School’s Out Forever, 2021.
Directed by Oliver Milburn.
Starring Oscar Kennedy, Liam Lau Fernandez, Jasmine Blackborow, Alex Macqueen, Samantha Bond, Anthony Head and Steve Oram.
SYNOPSIS:
In the wake of a deadly pandemic, a group of immune teenagers and their teachers hole up in a school, only to come under threat from a heavily-armed parish council.
There’s an elephant in the room when it comes to School’s Out Forever in that it has, unwittingly, become ultra-timely. When cameras rolled on director Oliver Milburn’s adaptation of Scott K. Andrews’s novel in the summer of 2019, nobody involved could have predicted that its story of a deadly “superflu” pandemic wiping out much of the country’s population would hit quite so close to home. Suddenly though, the movie feels like it has been ripped from the headlines.
It focuses on the students of an exclusive school for boys, with scholarship pupil Lee (Oscar Kennedy) returning to the school that previously expelled him in order to find a safe haven. Sure enough, a small band of survivors led by teacher Mr Bates (Alex Macqueen) and the school matron (Jasmine Blackborow), as well as Lee’s best friend Mac (Liam Lau Fernandez), are using the building as sanctuary. Rare blood types make them immune to the disease. Their peace is interrupted when shotgun-toting representatives of the local parish council arrive, leading to bloodshed and an armed siege of the building led by the chilly, sinister Georgina (Samantha Bond).
One of the most interesting, surprising and ultimately troublesome aspects of this movie is just how nasty it proves to be. Initially, the film is set up as a larky – if fairly dark – teen comedy with a handful of explosions of violence and gore. The presence of comedy stalwarts like Anthony Head and The Inbetweeners star Alex Macqueen among the adult cast certainly backs up that notion. However, the second half of the film turns into something genuinely horrible, with strong elements of Lord of the Flies and lashings of Battle Royale taking centre stage.

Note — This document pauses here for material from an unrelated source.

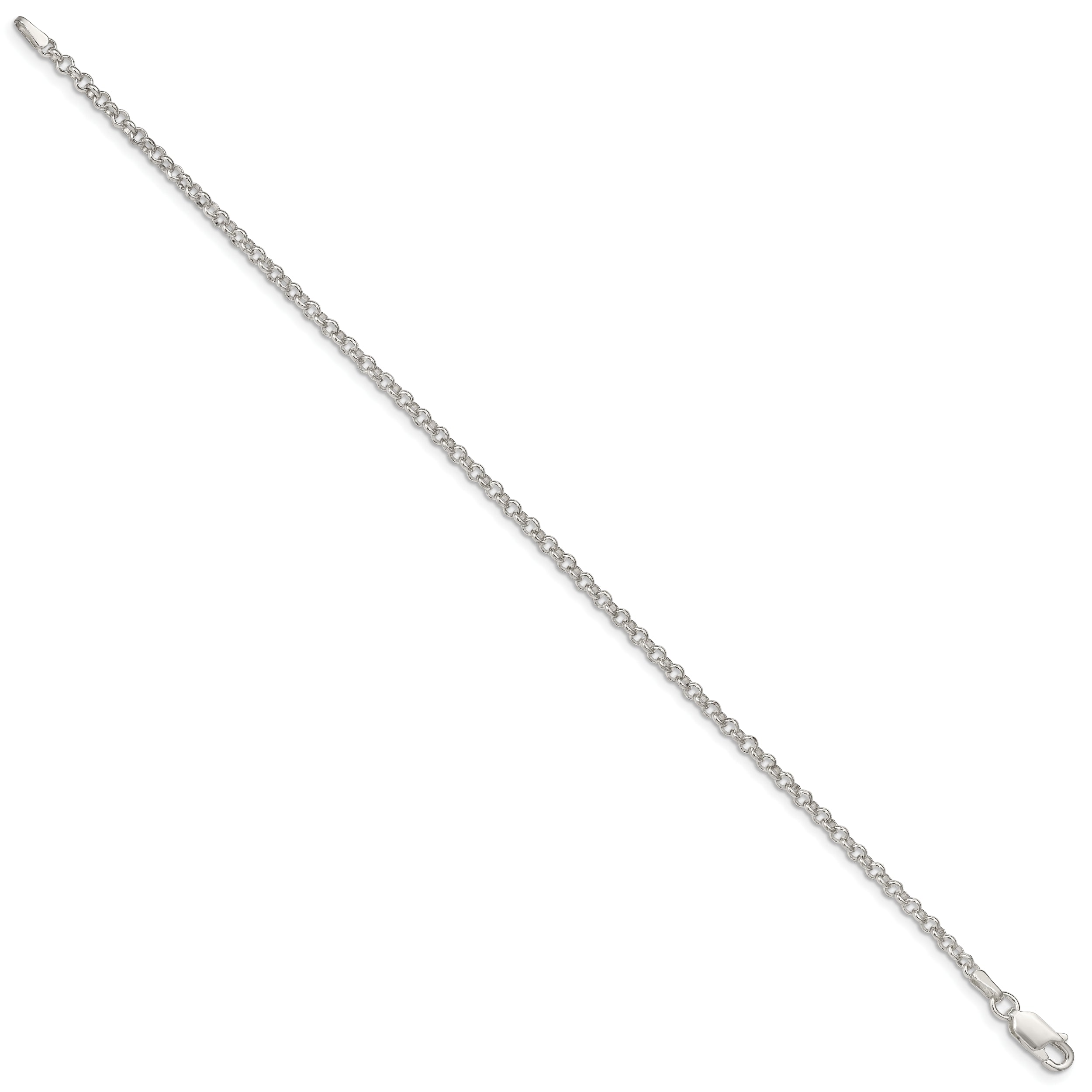 7 Inch Sterling Silver 2.8mm Rolo Chain Bracelet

In itself, this wouldn’t be a problem if it were done right. A better script than Milburn’s translation of the book might’ve been able to make the nastiness work, but there’s a lack of conviction at play here. It wants to have its horrific cake and eat it, indulging in its violence without ever really sitting still for long enough to ponder what this nastiness has to say about its characters and the society in which they live. There’s ample room for class politics and commentary in the fact these kids – and their middle-class council adversaries – are at the top end of the privilege spectrum, but it never comes to anything substantial.
This is doubly disappointing given the fact the building blocks are there. Protagonist Lee – played with likeable charisma by Oscar Kennedy – is an alien in the school, having got in on a scholarship rather than the wealth and connections of colleagues like Fernandez’s super-entitled Mac. He’s the son of an MP and an avatar for the toxic masculinity of every born-to-rule douche who has absolute belief in their ability to thrive in a survival scenario. Despite all of this intrigue, the film almost seems afraid of confronting issues head-on. It prefers to simply revel in the horror.
School’s Out Forever is graced with an ensemble of terrific performances, from the well-known faces – Macqueen is particularly good as a man with absolute faith in systems – to the younger performers. Kennedy has great chemistry with Blackborow’s witty nurse and the movie has consistent fun playing with the tropes of post-trauma romance, which so often come to the fore in films like this. That duo serves as the moral core of a film which increasingly spins down a drain of bleakness, albeit a drain of which it seems to be unaware.
The core issue is one of tonal discordance. There’s room for this to work as a genuinely dark study of privileged youth exercising violent fantasies without fear of consequences and also plenty of space for it to be a splattery comedy about Middle England like the brilliant Hot Fuzz or the considerably less brilliant Slaughterhouse Rulez from a few years ago. Sadly, despite Milburn’s considerable gory flair, this is a movie that is simultaneously far too nasty and not nearly committed enough to its black heart.